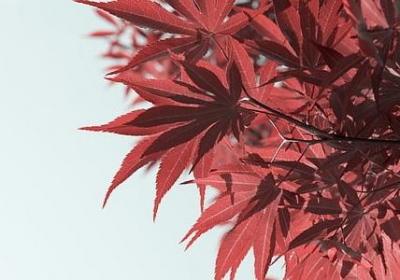 责任心的名言(共70句) 责任心的名言(共70句)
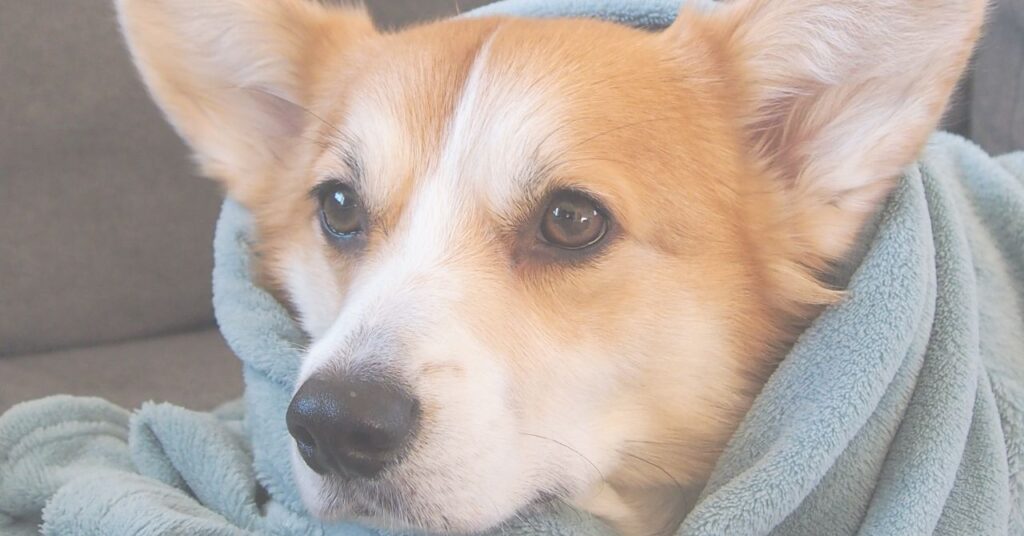 穏やかな午後を過ごす老犬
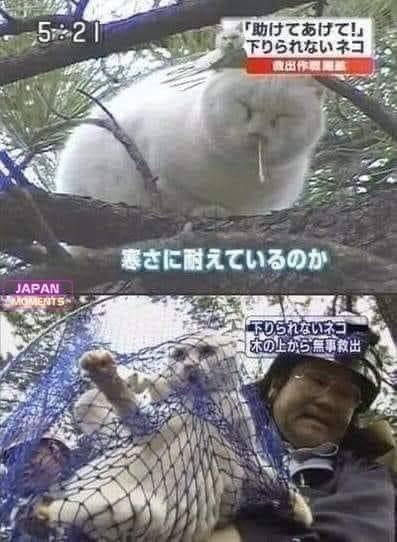 一只 #猫猫 因为朝行人头上滴鼻涕而被逮捕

> **What the exercise asks**
Your reply must match the data above line for line, except that it holds no pictures.

> **Output for this exercise**
 责任心的名言(共70句) 责任心的名言(共70句)
 穏やかな午後を過ごす老犬
 一只 #猫猫 因为朝行人头上滴鼻涕而被逮捕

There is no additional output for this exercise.